Date: 2026-02-09
Status: Proposed
The architecture already provides the mechanisms for managed service access. LiteLLM handles API key provisioning, user/team organisation, usage tracking, and rate limiting. Nginx provides SSL termination and request filtering. This means we can grant, meter, and revoke service access without exposing the underlying infrastructure.
However, the server was procured with programme funds for a specific purpose. It is not a general university computing resource. Capacity is finite -- VRAM, context windows, and concurrent request limits are all constrained. Every API key issued is a commitment of shared capacity.
We currently have one confirmed access pathway (workshop participants) and several potential models under consideration.
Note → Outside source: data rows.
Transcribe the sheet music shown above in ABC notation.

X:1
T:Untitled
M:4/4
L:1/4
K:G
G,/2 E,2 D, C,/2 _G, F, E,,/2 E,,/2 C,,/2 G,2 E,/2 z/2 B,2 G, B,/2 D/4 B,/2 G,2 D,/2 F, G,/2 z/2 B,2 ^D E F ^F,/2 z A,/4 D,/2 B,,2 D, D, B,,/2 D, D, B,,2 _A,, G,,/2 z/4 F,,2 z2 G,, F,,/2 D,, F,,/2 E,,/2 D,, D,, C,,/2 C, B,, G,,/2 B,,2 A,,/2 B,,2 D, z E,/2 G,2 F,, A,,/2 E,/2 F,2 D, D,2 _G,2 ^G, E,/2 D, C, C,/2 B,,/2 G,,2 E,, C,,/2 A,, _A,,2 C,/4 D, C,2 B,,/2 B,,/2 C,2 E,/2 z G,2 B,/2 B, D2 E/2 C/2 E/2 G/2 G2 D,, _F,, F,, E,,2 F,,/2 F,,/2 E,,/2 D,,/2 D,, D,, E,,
The purpose of this ADR is to document the decision space honestly rather than prematurely commit to a model that may not survive contact with real demand.
All service access is granted via LiteLLM API keys. Each key is tied to a named user or team, subject to rate limits and usage quotas, revocable at any time, and tracked for usage reporting. This is the mechanism regardless of which access model we adopt.
The MLE team approves all key issuance. There is no self-service provisioning at this stage.
Workshop participants. Participants in Accelerate Programme workshops (e.g., LLM workshops, AI Winter School) will receive API keys for the duration of the workshop. The unresolved question is: does access persist after the workshop ends? Arguments exist in both directions. Persistent access builds a user community and generates usage data for funders. But it also commits finite capacity to users who may not have an active research need, and "workshop attendee" is not a strong signal of ongoing demand. A time-limited extension (e.g., 30 or 90 days post-workshop) with renewal on request is one possible middle ground, but this has not been tested.
Project-based calls. We are considering a model where researchers apply for API access in response to periodic calls, similar to how HPC allocations work. Applicants would describe their research use case, estimated usage (token volume, model requirements, duration), and expected outputs. This has the advantage of aligning access with demonstrable research need and producing a clear audit trail for funders. The risks are: bureaucratic overhead that deters adoption, a cadence that does not match research timelines (a researcher who needs access now cannot wait for the next call), and the fact that researchers are notoriously poor at estimating compute requirements in advance. We have no experience running this model and do not know whether demand justifies the overhead.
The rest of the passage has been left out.